Data provided Start Marker

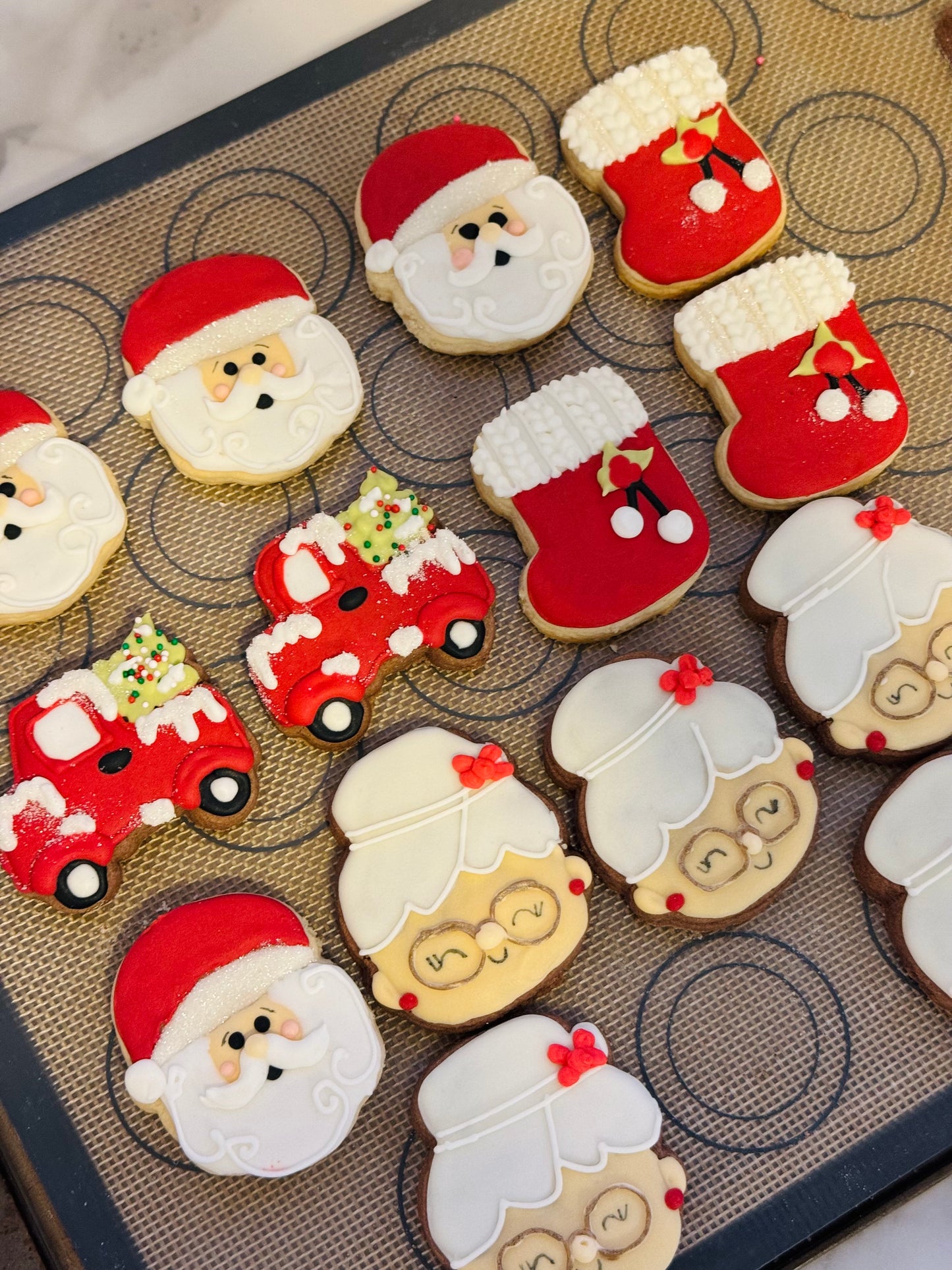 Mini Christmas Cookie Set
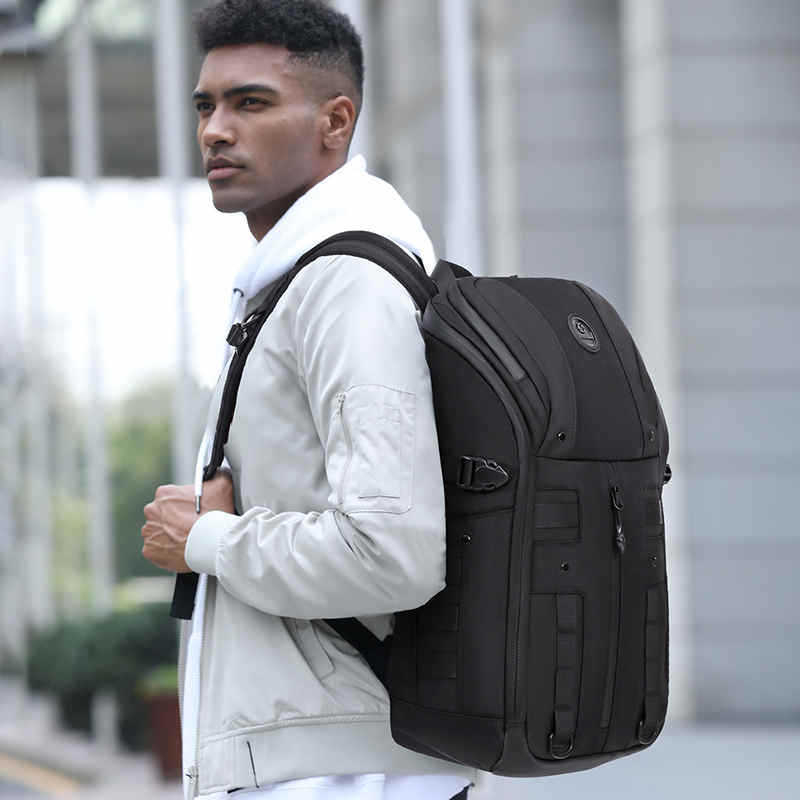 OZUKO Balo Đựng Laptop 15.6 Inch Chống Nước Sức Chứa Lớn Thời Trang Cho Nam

Data provided End Marker
Data provided Start Marker

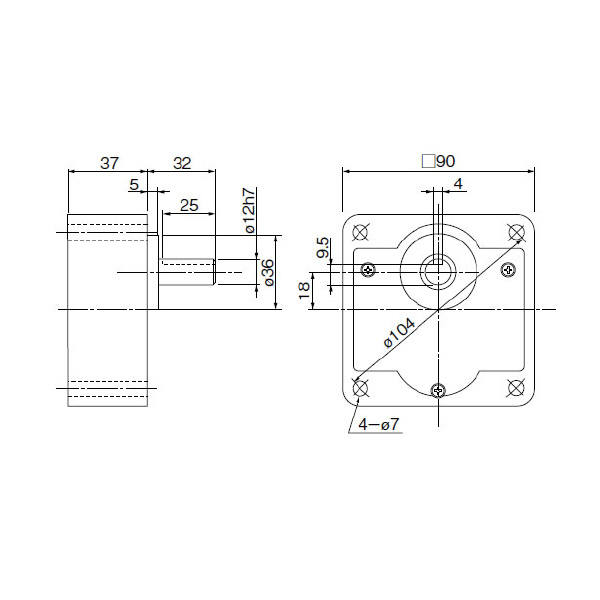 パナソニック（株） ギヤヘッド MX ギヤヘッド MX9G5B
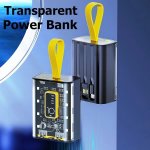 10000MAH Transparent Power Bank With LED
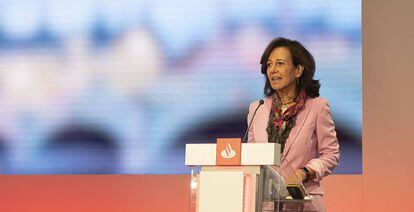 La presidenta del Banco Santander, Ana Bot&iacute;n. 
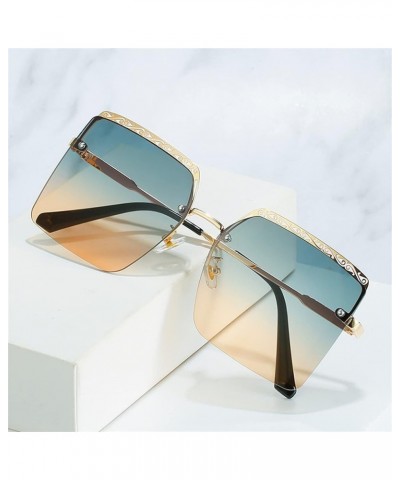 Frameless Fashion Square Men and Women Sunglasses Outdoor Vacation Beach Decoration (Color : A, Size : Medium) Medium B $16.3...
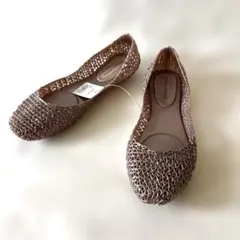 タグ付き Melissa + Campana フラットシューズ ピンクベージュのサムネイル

Data provided End Marker
Data provided Start Marker

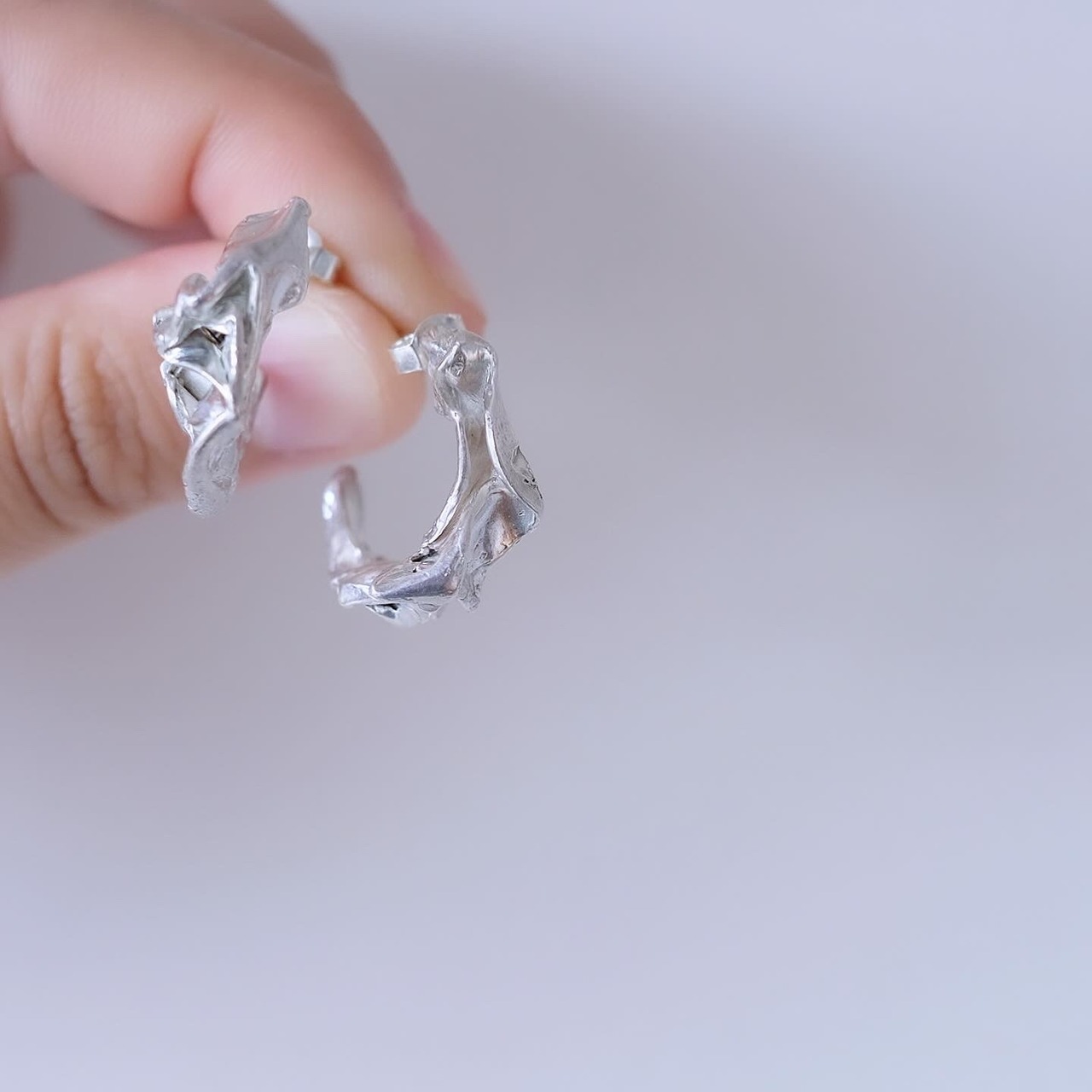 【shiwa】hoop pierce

Data provided End Marker

» **Exercise goal**: Word for word, write out the lines above running from the one with "Mini Christmas Cookie Set" up to and including the one with "OZUKO Balo Đựng". Drop any picture.

» **Answer box**:
 Mini Christmas Cookie Set
 OZUKO Balo Đựng Laptop 15.6 Inch Chống Nước Sức Chứa Lớn Thời Trang Cho Nam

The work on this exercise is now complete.